▸ **Task instructions**:
With pictures excluded, retype exactly every line from the one containing "トヨタ ヴェルファイア 施工写真 (15)" to the end of the records below.

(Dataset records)
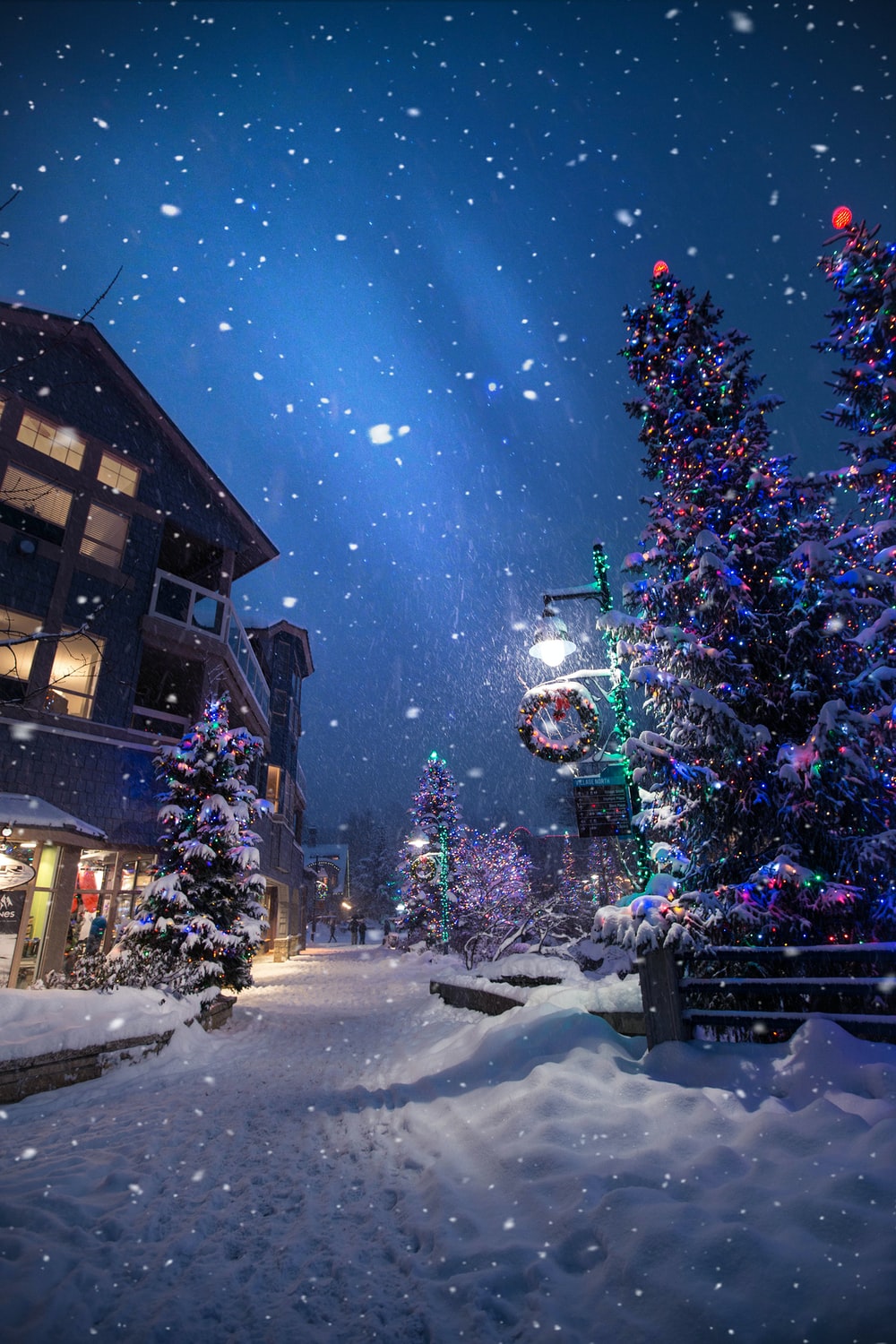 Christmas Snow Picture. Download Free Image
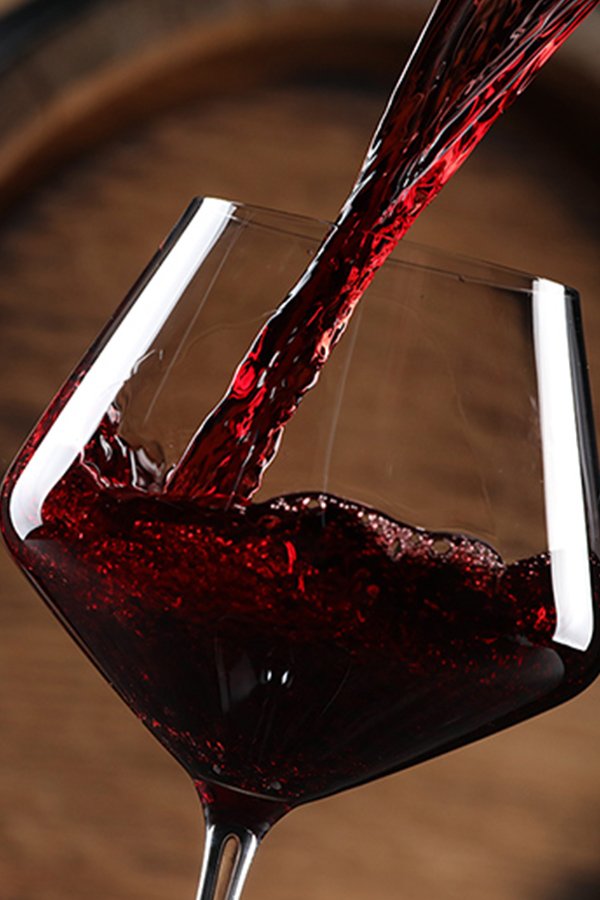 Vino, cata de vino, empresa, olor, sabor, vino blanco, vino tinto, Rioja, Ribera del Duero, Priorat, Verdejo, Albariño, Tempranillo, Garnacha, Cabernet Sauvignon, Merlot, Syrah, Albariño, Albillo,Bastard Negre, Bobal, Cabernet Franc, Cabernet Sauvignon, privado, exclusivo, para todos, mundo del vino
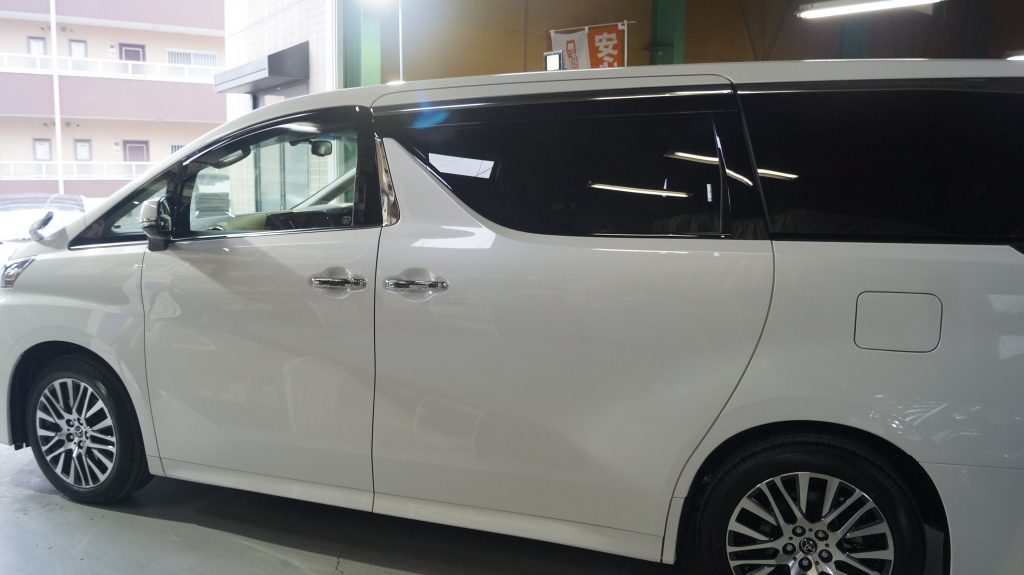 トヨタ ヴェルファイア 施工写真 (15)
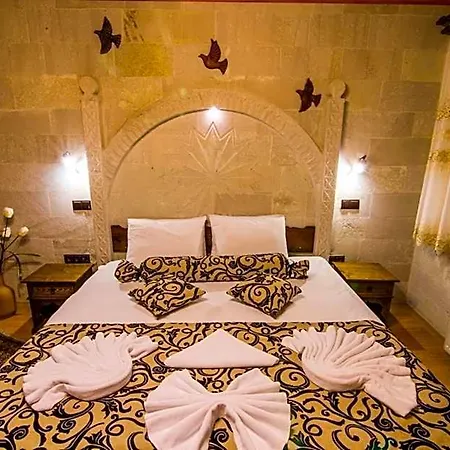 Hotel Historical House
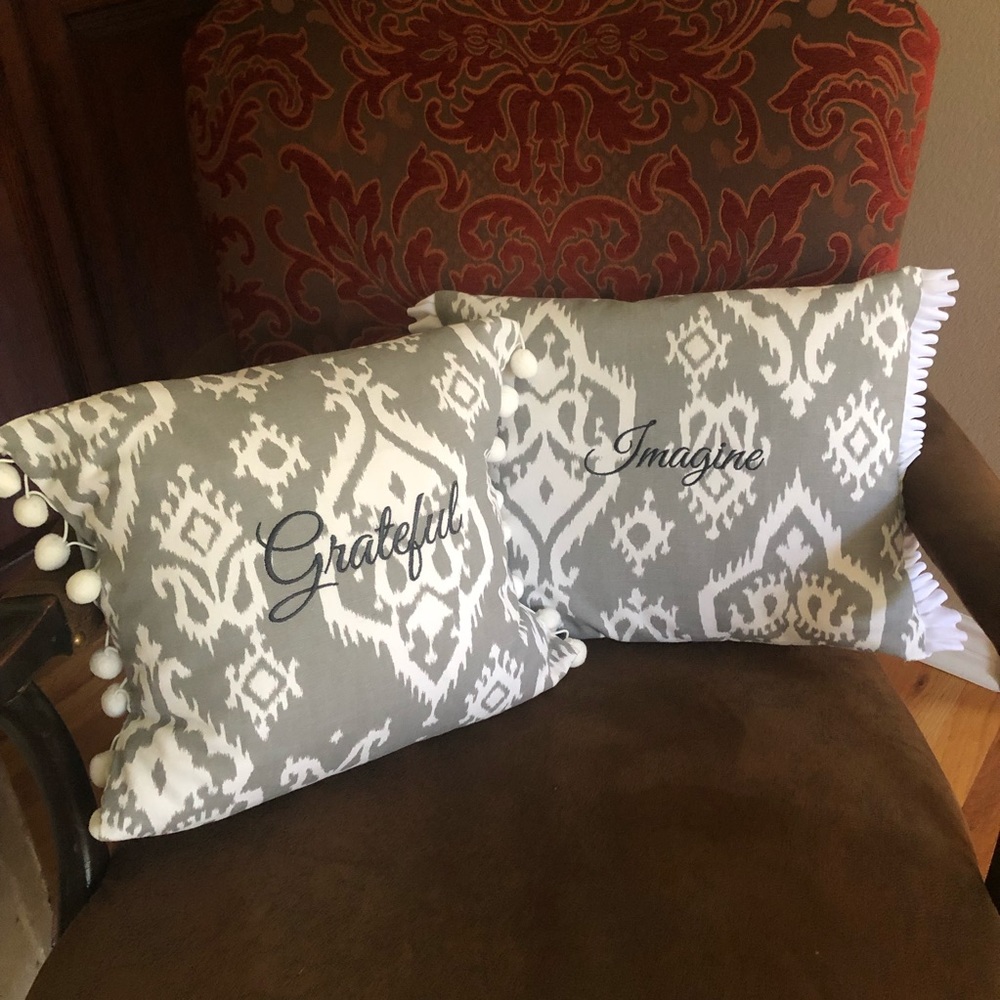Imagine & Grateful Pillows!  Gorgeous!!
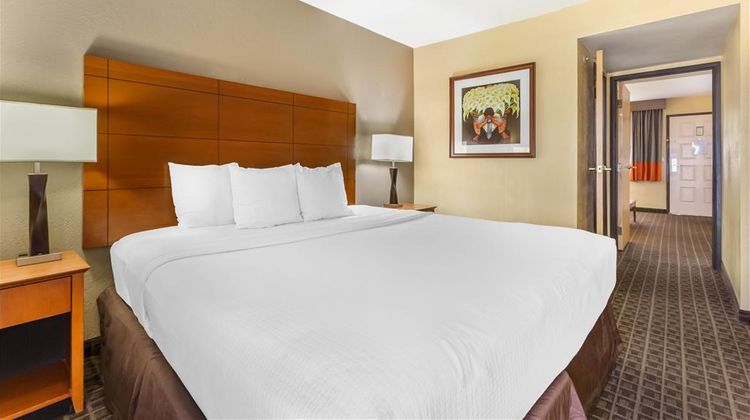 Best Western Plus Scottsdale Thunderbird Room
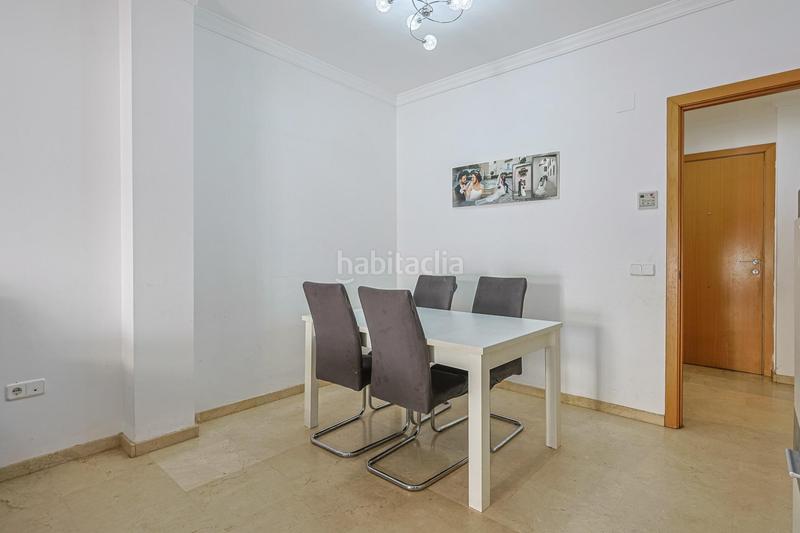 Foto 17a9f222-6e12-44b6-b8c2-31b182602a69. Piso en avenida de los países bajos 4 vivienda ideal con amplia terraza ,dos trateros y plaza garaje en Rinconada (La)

▸ **The completed task**:
 トヨタ ヴェルファイア 施工写真 (15)
 Hotel Historical House
Imagine & Grateful Pillows!  Gorgeous!!
 Best Western Plus Scottsdale Thunderbird Room
 Foto 17a9f222-6e12-44b6-b8c2-31b182602a69. Piso en avenida de los países bajos 4 vivienda ideal con amplia terraza ,dos trateros y plaza garaje en Rinconada (La)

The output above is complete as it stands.